*REQUIRED WORK*
Find the line below with "KommA Communicatie logo" and the line with "AC FINE Treatment". Output exactly those lines and everything between them, leaving out the pictures.
Top of DATA SHOWN
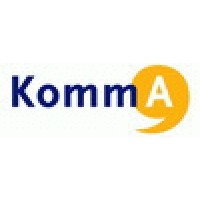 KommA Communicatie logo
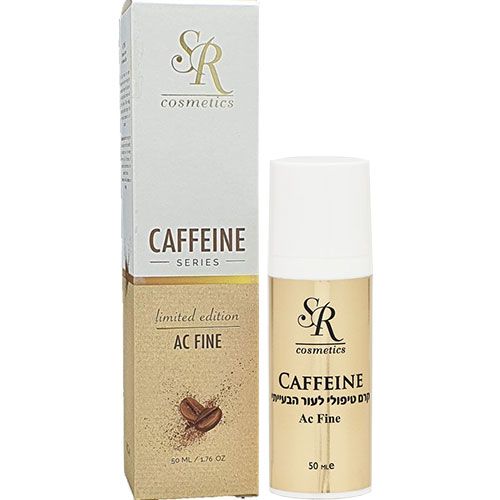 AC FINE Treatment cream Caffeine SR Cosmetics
Bottom of DATA SHOWN
Top of DATA SHOWN
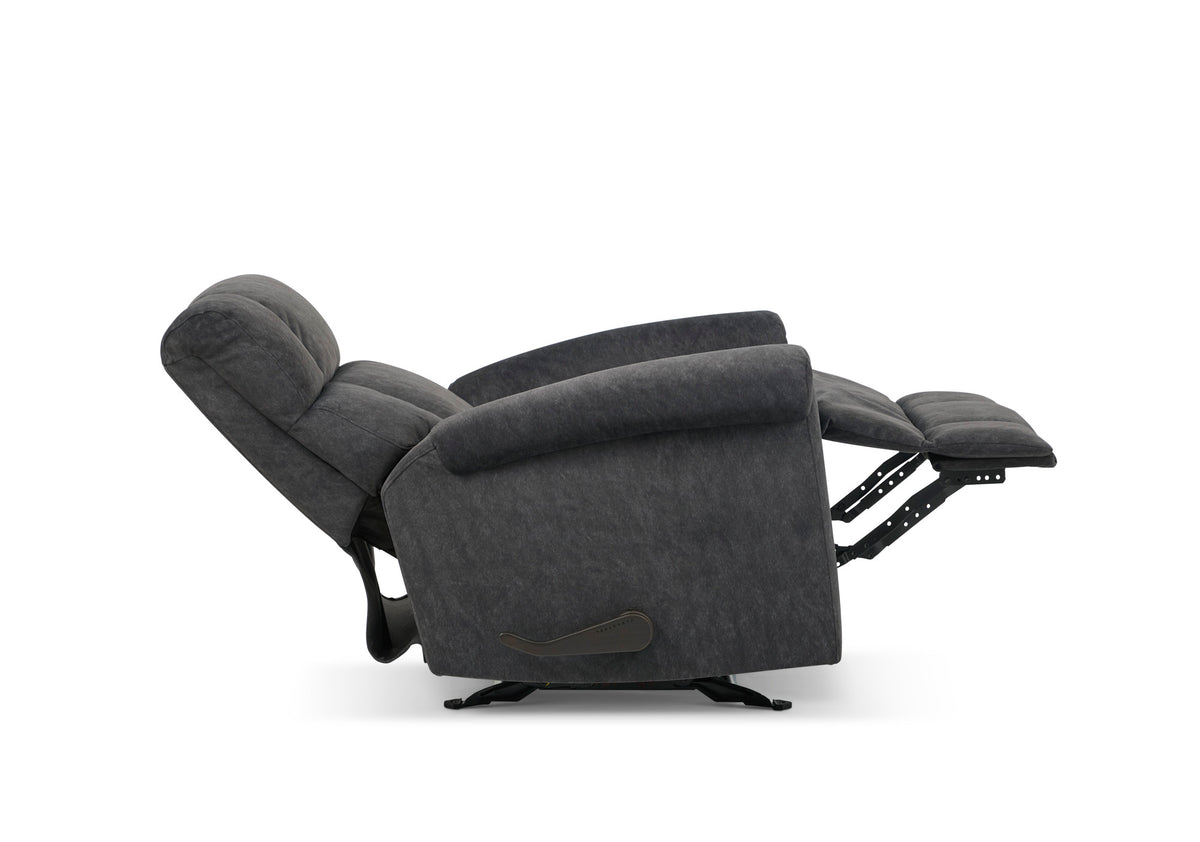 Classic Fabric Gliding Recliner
Bottom of DATA SHOWN
Top of DATA SHOWN
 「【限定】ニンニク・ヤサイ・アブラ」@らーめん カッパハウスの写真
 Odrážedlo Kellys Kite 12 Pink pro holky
Bottom of DATA SHOWN
*THE COMPLETED TASK*
 KommA Communicatie logo
 AC FINE Treatment cream Caffeine SR Cosmetics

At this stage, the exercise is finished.